Free Sweatpants is an album Blockhead has been trying to make since 2002. Back then, the upcoming Manhattan-based hip-hop producer wanted to make an album that would pair his beats with an ensemble cast of his favorite rappers. Instead, he opted to sign to Ninja Tune, releasing a series of instrumental albums characterized by gritty drums, solemn and melancholy samples, and irreverent cut-and-paste soundbites. But two years ago, the idea of making an MC-driven album started working its way back into his consciousness.
“I was very selective, and I really went after rappers who I’m fans of,” Blockhead says. It took a couple of years to “wrangle the rappers,” but he eventually amassed enough material for Free Sweatpants to begin taking shape.
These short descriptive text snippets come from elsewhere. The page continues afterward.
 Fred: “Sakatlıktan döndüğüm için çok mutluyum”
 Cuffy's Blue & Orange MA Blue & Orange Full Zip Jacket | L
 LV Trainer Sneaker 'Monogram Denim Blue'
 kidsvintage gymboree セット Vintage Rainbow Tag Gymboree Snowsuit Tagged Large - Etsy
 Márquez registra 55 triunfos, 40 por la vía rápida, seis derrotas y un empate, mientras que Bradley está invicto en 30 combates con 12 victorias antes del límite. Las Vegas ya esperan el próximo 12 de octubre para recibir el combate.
The album boasts a wide array of MCs: Chicago spitters Open Mike Eagle, Vic Spencer, and Tree; artists he met on the New York City scene, like Aesop Rock, Breezly Brewin, and Homeboy Sandman; plus Hemlock Ernst (who records with the synthpop band Future Islands) and Philadelphia’s MarQ Spekt. Firebrand duo Armand Hammer also appear, and the group’s billy woods released Free Sweatpants via his Backwoodz Studioz label. And while producer-driven albums with a large cast of characters can often feel distant or ad-hoc, the songs on Free Sweatpants gel seamlessly, an ideal example of organic collaboration in the digital age.
Some of the guests required persuading before they were enlisted. Tree says he “wasn’t doing features and absolutely hated the thought of the music business and its arrogant ass artists and cliques,” but something about the dark, brooding beat that became “Frank” caught his ear and inspired him to pen a biographical rap about his aunt’s ex-boyfriend. The song’s dramatic narrative was sourced from “conversations with Frank, who’s a 70-year-old black man who can still run, jump, and is in perfect health—and is a lifelong criminal. He’s spent 30-plus years in jail, [and] he did travel state to state burglarizing mansions and boosting with heroin-addicted prostitutes.”
On “Slippery Slope,” billy woods, Open Mike Eagle, and Breezly Brewin of The Juggaknots take turns rapping over a lush, flute-powered beat that creates a strangely disquieting mood. “It has a hazy, stoned-is-the-way-of-the-walk vibe,” says woods. “The production is hard, but it still allows you to zone out,” adds Breeze, who first met Blockhead 15 years ago when he passed through the Fat Beats record store. “The way it’s layered, it gives the MC space to operate, so it’s smart production.” The three MCs recorded their verses in the order they appear, with each rapper’s words motivating the next. “Blockhead was the one orchestrating,” is how woods characterizes the collaboration.
The song “Deeperstill” features Homeboy Sandman effortlessly skating over a beat that originally sounded a bit different before it was changed due to sample issues. “Block asked me if he can remix it, and I tell him I hate remixes because I rhyme so in the pocket,” Sandman recalls. “But Block was determined to rise to the challenge. He did like 10 remixes, and one was perfect, and that’s on the album.”
Throughout Free Sweatpants, Blockhead’s beats sound dynamic and gutsy, an approach that was politically inspired. The album’s cover features a photograph of a person asleep under a giant American flag in a D.C. train station, which Blockhead shot himself. “The cover seems like it’s politically charged, and it’s kinda hard to not feel that way right now,” he says. “As someone who’s not a vocal artist, I can only do so much. But Hemlock’s song is a strong condemnation of police brutality, Armand Hammer have political angles, and ‘Make America Gape Again’ is a political song. I can’t say I’m making a huge political statement, but the vibe of the album is dark. I didn’t realize until after the process—there’s definitely a shadow over it.”
That shadow makes Free Sweatpants register as a funky but overcast experience, with many tracks mixing tough kicks and snares with bluesy guitar and synth lines. The closing song, “Make America Gape Again,” is one of a handful of instrumentals that break up the MC-centric tracks. “I wanted to end on a somber note, even though the song does turn towards the end and the clouds part a little,” he explains. “Despite having all these great MCs on the album, I wanted to end on a heavier instrumental.”